Traducido del inglés para Rebelión por Germán Leyens
¿Son anormales los noruegos, o qué? Setenta y siete son masacrados por un asesino que recibe una condena de solo 21 años y no salen a las calles a protestar, incluso cuando su presidente, sin una gota de machismo, dice: «La bomba y las balas apuntaban a cambiar Noruega. El pueblo noruego respondió adhiriéndose a nuestros valores. El asesino fracasó, el pueblo ganó». ¿Qué clase de valores fastidiosos comparten los noruegos? ¿Y qué tienen contra el cambio?

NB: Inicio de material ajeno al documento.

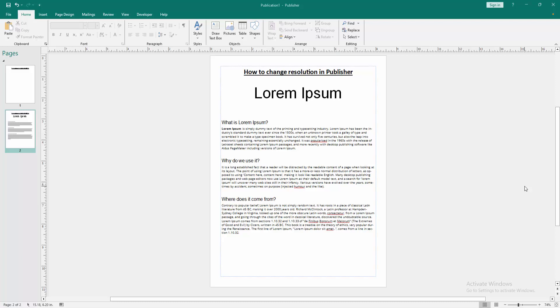Welcome back to my another video. In this video, I am going to show you how to change resolution in Microsoft Publisher. Let's get started.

Setenta y siete noruegos pueden parecer pocos en comparación con los casi 3.000 estadounidenses que murieron el día que cambió todo para siempre, Amén. Pero para los 7 millones de noruegos, los ataques del año pasado mataron proporcionalmente a más de ellos que la cantidad de estadounidenses muertos el 11 de septiembre de 2011. Los políticos noruegos no se desvivirán exigiendo medidas más estrictas de seguridad nacional y los ciudadanos no se manifiestan por el Tea Party en las calles exigiendo venganza y clamando por la pena de muerte. Los largos inviernos deben de aumentar su sangre fría.

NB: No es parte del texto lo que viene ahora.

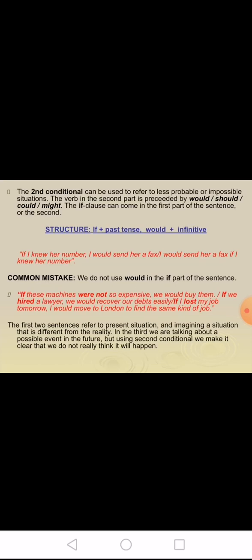We also use the first conditional with company forecasts, degrees of certainty, and project planning. Second conditional: the second conditional is used to refer to less probable or impossible situations. The verb in the second part is preceded by would, should, could, or might plus the infinitive verb. The if clause can come in the first or second part of the sentence. Structure: if plus past tense, the result is would plus infinitive verb.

En EE.UU. «cambio» fue la consigna del día en 2001, y se ha convertido en un mantra político desde entonces. Ehud Barak, exprimer ministro de Israel y actual ministro de Defensa puso las cosas en marcha esa mañana cuando, entrevistado por la BBC, anunció: «El mundo no será el mismo a partir de este día… Es hora de desplegar un esfuerzo global concertado… contra todas las fuentes de terror, consecuentemente durante seis o 10 años… Irán, Irak, Libia».

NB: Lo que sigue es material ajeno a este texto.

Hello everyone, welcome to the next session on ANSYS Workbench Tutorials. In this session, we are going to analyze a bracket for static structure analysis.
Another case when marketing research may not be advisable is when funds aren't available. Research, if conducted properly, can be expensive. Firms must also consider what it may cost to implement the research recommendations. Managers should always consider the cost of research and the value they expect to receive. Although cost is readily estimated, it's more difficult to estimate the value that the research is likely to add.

No nos corresponde discutir si Barak fue un profeta clarividente o un poderoso paladín. El presidente de EE.UU. George W. Bush, manteniéndose alerta, siguió su consejo y se adhirió al mensaje de el «cambio es bueno», fuera de alentar a los estadounidenses a que no olvidaran sus valores, lo que incluía que les dijera que siguieran comprando. Algunas cosas no se pueden cambiar; y la presidencia de Barack Obama, promovida por su atractivo eslogan electoral, muestra que mientras más cambian las cosas, más siguen siendo insensatas.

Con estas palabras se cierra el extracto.